Grégoire Boehm : Tout à fait ! C’est d’ailleurs la volonté du territoire lyonnais, qui souhaite continuer à développer le recours au gaz vert. Plusieurs projets de méthaniseurs sont lancés avec la Métropole et notamment celui de la méthanisation des boues issues de la station d’épuration de Pierre Bénite. De plus, le territoire se projette sur la mobilité au bioGNV. Par exemple, les bennes à ordures ménagères, bus et cars publics de Lyon Métropole sont de plus en plus alimentés par du bioGNV local, produit via la station d’épuration Aqualyon La Feyssine. Enfin, il existe actuellement un schéma directeur pour définir l’implantation des stations GNV dans la collectivité.

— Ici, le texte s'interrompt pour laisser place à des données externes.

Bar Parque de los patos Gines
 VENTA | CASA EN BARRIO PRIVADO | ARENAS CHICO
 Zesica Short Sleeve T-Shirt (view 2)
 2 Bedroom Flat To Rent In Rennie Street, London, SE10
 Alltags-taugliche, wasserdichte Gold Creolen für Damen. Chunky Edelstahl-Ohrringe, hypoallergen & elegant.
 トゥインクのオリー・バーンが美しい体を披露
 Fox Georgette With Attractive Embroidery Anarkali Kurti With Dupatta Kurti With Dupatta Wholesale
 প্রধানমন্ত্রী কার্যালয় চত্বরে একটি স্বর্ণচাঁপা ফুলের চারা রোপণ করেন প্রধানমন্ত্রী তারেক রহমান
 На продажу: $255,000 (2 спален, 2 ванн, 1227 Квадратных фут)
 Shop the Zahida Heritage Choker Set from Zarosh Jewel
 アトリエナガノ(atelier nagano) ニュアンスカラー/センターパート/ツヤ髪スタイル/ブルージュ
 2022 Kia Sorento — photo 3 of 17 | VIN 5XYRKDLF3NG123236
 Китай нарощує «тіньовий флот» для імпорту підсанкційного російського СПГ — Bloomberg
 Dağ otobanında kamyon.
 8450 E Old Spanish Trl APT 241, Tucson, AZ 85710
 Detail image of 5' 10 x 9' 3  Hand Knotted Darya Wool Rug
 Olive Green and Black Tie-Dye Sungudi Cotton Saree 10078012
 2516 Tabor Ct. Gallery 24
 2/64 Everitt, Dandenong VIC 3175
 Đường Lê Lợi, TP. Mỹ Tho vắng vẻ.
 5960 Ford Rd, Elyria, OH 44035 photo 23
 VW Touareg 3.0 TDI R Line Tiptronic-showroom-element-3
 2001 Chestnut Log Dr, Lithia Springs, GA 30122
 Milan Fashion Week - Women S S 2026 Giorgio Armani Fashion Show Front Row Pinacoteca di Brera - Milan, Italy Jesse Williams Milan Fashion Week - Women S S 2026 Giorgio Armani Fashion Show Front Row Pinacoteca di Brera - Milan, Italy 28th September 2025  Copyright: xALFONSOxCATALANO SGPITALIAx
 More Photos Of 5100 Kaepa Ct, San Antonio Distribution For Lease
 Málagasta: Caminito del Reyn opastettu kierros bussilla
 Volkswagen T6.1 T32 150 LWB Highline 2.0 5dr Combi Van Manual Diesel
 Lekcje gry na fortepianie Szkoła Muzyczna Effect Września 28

Etienne Philippe : Comme dit précédemment, l’essentiel de la production de gaz vert viendra de la méthanisation. Plus d’une vingtaine de projets de gazéification et de méthanation émergent actuellement en France. Ces filières devraient prendre leur essor dans les prochaines années, avec la standardisation du cadre réglementaire grâce aux premiers projets et la mise en place de dispositifs de soutien adaptés. La gazéification a un vrai rôle à jouer dans la valorisation des déchets résiduels difficiles à traiter. Enfin, la méthanation pourrait permettre d’atteindre 40 TWh si de tels projets sont adossés à chaque méthaniseur, comme à Pau, en complément d’usages directs de l’hydrogène. Tout s’accélère !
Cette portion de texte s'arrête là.